** Opening The input block **

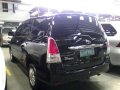 Toyota Innova 2009 for sale-6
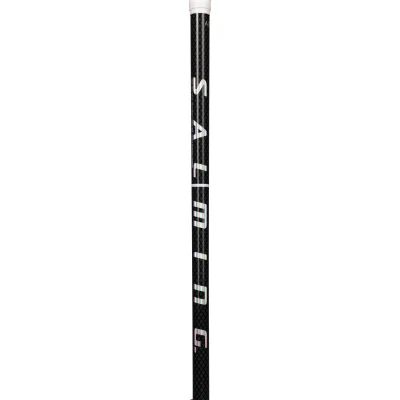 Salming Q-series Aero Quest1 29 Black/Silver florbalka + sleva 200,- na příslušenství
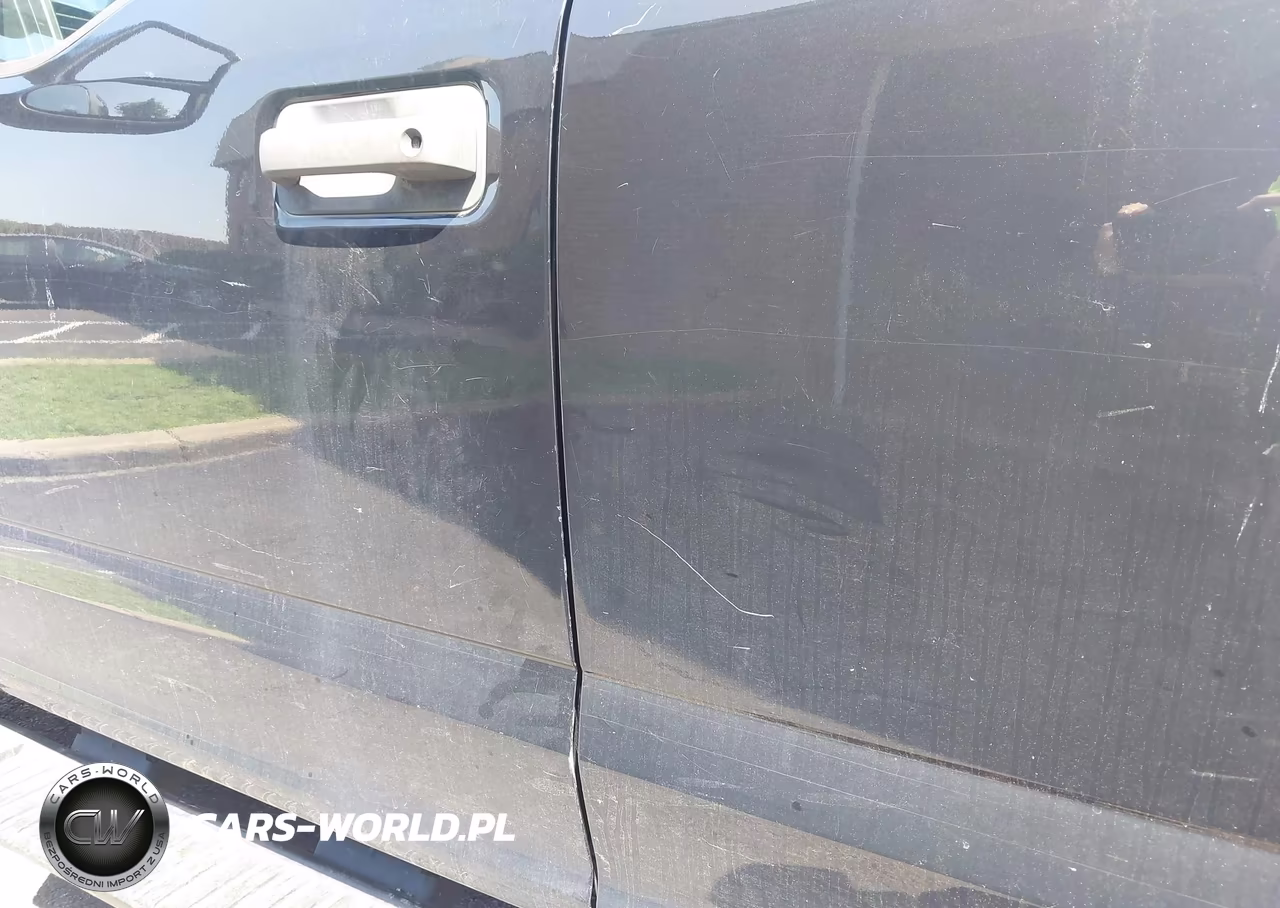 2018 Ford F-350 VIN:1FT8X3B6XJEC83996 - 6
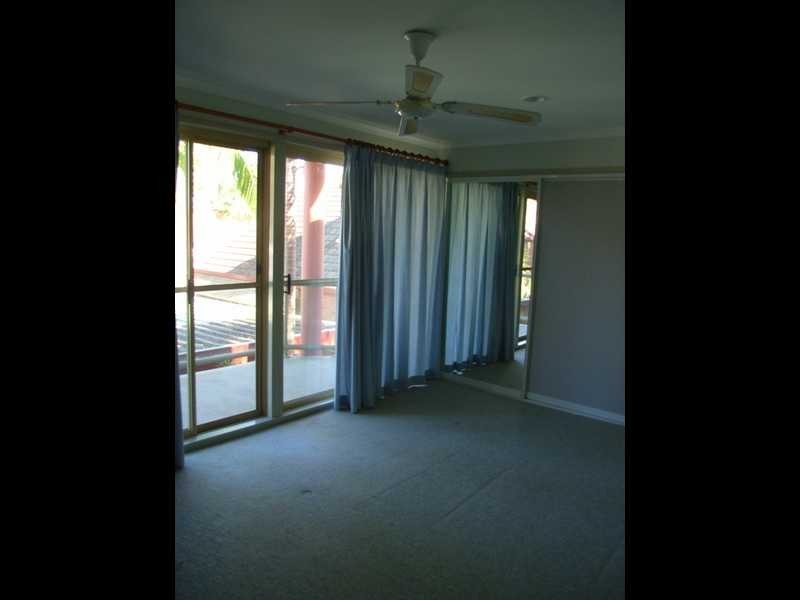 Yamba NSW 2464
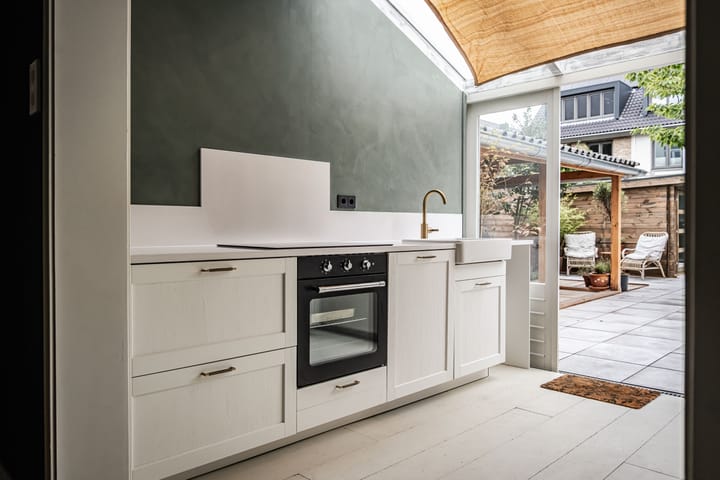 Foto 18 van Kostverlorenstraat 83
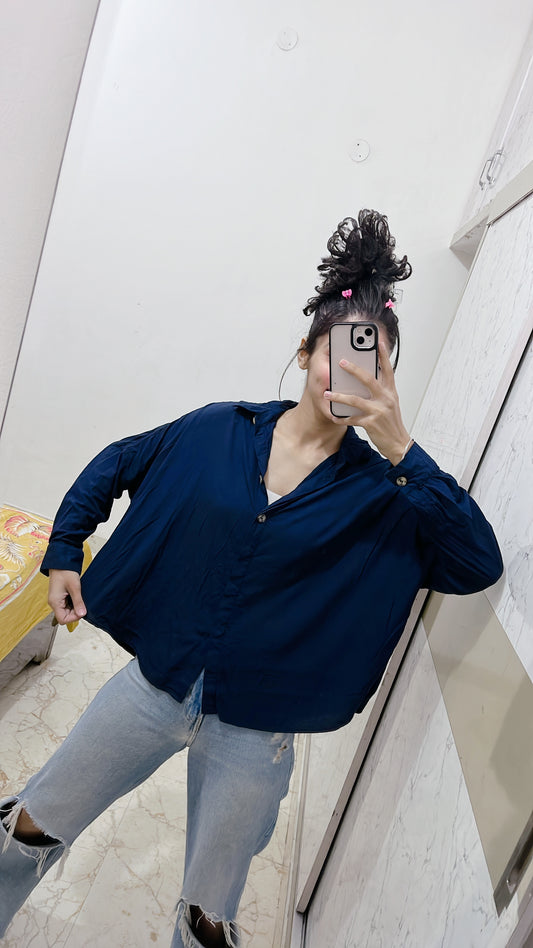 Size-XL-2XL , bust -42-44
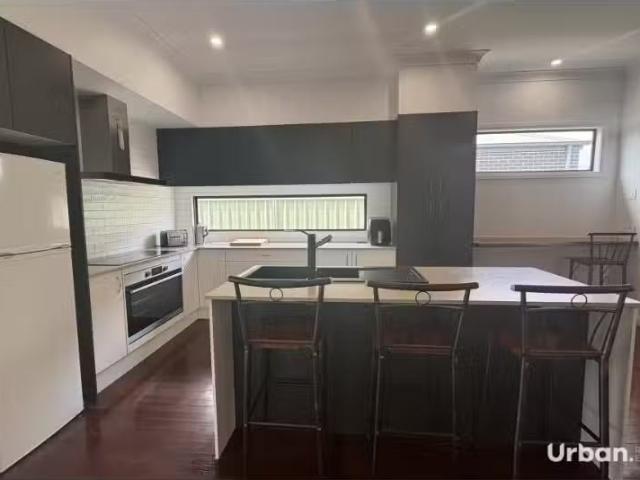 House for rent in Greta, New South Wales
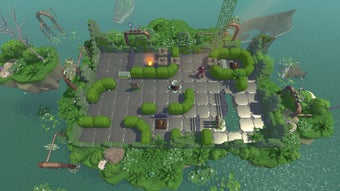Imagem 0 para 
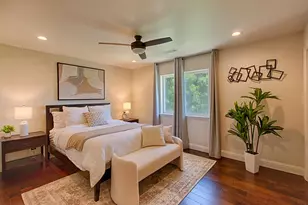 425 Echo Valley Rd, Salinas, CA 93907 - Photo 18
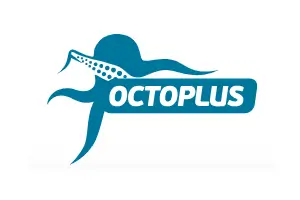 Octoplus Tool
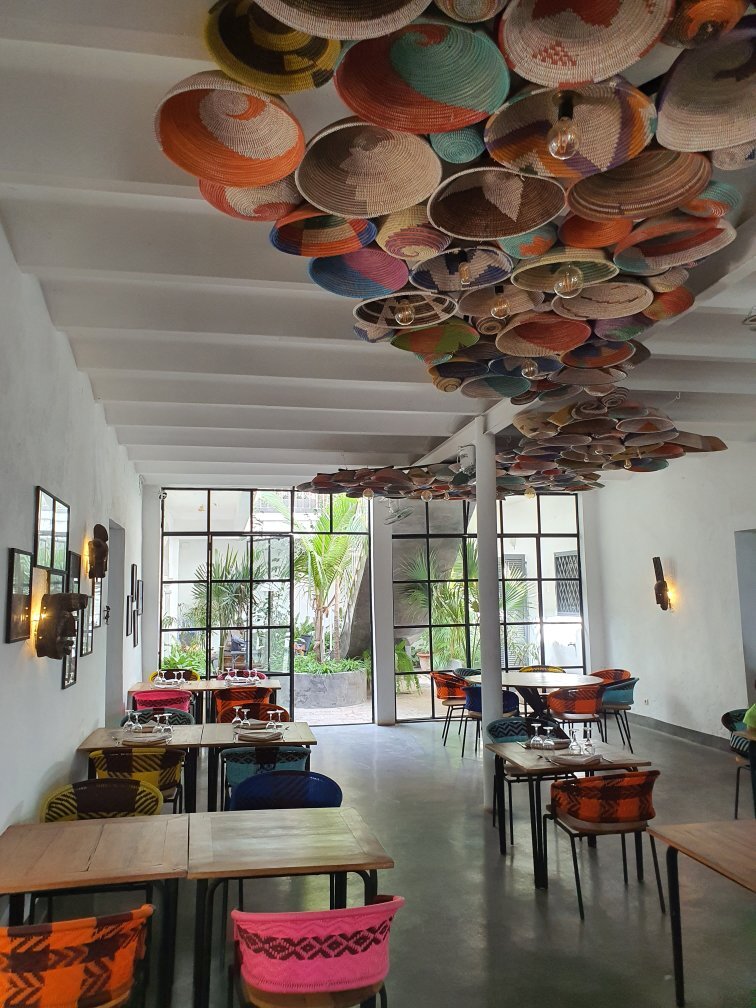 Siki Hotel-官方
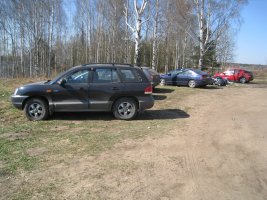 IMG_0733.jpg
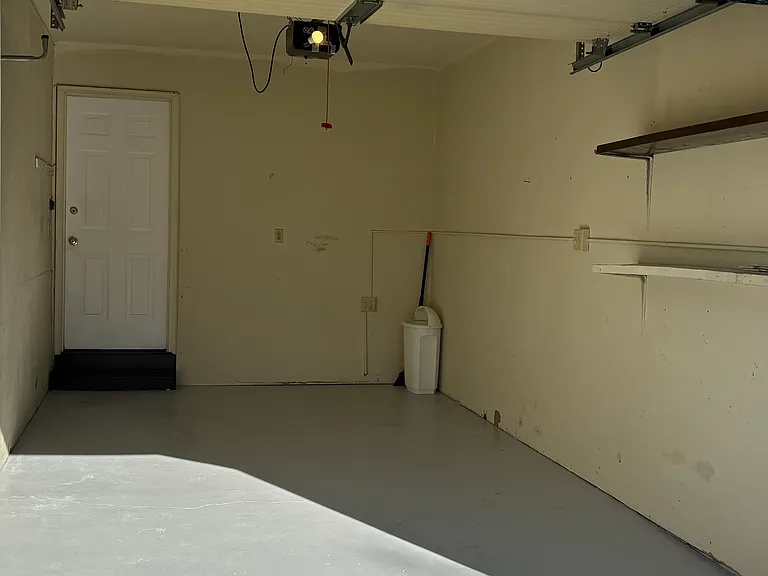 408 Tamarack Dr — Photo 55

** Closing The input block **

Beginning at the line with "Foto 18 van Kostverlorenstraat 83", reproduce word for word each line through the last line of the records. Include both ends but no pictures.

Reply to the exercise
 Foto 18 van Kostverlorenstraat 83
 Size-XL-2XL , bust -42-44
 House for rent in Greta, New South Wales
Imagem 0 para 
 425 Echo Valley Rd, Salinas, CA 93907 - Photo 18
 Octoplus Tool
 Siki Hotel-官方
 IMG_0733.jpg
 408 Tamarack Dr — Photo 55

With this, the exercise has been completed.